Among the records that follow, find the line with "iphone 16pro|موبایل|خرمآباد, |دیوار" and the line with "Fremont (2024)". Set down those lines and all lines between them exactly, without adding anything.

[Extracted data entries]
########

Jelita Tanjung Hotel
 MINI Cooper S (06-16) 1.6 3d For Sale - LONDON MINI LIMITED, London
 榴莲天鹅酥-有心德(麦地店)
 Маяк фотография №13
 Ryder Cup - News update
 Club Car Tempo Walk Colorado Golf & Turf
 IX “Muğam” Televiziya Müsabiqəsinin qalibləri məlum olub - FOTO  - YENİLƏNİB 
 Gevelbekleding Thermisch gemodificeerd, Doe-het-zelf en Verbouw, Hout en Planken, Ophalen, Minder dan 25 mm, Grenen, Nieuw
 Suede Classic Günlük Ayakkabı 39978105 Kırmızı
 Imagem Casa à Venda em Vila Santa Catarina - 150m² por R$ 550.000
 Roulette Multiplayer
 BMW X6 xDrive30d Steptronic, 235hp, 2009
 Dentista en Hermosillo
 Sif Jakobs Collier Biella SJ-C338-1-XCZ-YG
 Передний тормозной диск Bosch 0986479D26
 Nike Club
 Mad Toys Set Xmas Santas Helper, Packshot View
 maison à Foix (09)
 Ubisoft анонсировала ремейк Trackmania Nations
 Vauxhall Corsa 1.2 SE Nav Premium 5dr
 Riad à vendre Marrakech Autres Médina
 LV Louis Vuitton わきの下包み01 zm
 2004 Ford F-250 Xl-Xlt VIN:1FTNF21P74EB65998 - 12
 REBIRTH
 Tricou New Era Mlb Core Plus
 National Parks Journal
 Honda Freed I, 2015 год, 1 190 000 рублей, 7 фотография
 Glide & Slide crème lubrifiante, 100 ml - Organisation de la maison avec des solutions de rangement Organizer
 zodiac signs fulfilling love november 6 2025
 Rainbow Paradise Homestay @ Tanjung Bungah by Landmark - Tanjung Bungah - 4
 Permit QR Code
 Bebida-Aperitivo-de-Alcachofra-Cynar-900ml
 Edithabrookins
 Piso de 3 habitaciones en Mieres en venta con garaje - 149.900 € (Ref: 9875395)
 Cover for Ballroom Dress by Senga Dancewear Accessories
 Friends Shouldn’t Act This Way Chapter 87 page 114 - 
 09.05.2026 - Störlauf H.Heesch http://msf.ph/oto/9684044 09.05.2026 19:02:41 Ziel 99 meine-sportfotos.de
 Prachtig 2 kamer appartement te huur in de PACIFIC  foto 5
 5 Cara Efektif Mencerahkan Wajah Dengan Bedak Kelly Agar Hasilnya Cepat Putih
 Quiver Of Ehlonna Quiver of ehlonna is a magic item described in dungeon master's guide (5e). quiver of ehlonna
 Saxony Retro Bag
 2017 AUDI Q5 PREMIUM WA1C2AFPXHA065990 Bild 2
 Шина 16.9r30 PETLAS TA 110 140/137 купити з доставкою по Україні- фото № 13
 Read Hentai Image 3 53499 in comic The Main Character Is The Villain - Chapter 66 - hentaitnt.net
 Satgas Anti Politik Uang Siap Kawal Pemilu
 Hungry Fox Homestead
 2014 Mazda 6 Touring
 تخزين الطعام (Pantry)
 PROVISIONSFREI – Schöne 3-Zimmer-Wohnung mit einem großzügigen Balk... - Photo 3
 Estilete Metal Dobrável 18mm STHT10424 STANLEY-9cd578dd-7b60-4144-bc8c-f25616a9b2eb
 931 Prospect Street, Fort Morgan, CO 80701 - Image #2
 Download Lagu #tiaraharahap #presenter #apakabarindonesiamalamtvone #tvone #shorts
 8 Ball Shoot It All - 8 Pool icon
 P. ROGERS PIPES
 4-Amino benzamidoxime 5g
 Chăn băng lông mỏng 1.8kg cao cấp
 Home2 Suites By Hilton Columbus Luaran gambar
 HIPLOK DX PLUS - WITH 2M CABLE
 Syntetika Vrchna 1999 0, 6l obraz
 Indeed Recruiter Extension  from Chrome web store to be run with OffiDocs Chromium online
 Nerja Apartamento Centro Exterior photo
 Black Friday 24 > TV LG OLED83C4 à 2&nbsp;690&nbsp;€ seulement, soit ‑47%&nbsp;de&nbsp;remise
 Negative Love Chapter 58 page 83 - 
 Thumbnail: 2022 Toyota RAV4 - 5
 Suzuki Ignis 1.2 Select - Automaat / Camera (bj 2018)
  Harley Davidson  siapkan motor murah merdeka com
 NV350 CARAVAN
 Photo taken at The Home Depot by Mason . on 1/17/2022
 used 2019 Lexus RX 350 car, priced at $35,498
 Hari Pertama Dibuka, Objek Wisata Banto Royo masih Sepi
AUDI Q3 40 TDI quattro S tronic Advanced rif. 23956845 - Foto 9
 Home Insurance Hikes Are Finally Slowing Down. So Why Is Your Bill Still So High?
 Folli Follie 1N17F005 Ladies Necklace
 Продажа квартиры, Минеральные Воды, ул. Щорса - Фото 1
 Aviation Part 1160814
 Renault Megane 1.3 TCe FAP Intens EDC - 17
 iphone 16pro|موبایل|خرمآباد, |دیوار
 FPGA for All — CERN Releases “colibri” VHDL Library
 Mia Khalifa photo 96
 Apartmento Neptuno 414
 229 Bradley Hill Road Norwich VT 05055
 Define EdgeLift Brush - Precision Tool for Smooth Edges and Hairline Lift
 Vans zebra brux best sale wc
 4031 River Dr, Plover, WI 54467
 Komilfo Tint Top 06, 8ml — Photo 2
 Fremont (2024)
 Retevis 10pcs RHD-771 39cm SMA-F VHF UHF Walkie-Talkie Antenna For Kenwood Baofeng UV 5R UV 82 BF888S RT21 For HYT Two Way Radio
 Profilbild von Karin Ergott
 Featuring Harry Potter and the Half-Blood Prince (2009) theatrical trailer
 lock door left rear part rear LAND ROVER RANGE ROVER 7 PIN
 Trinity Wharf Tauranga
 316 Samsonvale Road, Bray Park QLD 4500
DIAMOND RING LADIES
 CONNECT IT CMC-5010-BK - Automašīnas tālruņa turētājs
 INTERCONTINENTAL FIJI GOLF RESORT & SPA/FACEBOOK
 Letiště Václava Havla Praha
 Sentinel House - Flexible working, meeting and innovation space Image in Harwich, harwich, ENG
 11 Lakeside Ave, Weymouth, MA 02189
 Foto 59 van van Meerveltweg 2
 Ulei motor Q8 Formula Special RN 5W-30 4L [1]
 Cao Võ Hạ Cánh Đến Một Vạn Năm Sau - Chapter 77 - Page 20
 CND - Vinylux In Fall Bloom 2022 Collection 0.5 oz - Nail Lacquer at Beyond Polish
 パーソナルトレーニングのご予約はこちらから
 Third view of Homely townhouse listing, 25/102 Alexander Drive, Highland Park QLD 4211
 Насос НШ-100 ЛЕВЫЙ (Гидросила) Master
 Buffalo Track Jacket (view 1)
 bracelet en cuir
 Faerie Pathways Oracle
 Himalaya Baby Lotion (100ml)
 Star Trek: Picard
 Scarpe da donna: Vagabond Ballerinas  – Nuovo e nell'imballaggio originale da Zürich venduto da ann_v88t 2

########

→ **EXPECTED OUTPUT**
 iphone 16pro|موبایل|خرمآباد, |دیوار
 FPGA for All — CERN Releases “colibri” VHDL Library
 Mia Khalifa photo 96
 Apartmento Neptuno 414
 229 Bradley Hill Road Norwich VT 05055
 Define EdgeLift Brush - Precision Tool for Smooth Edges and Hairline Lift
 Vans zebra brux best sale wc
 4031 River Dr, Plover, WI 54467
 Komilfo Tint Top 06, 8ml — Photo 2
 Fremont (2024)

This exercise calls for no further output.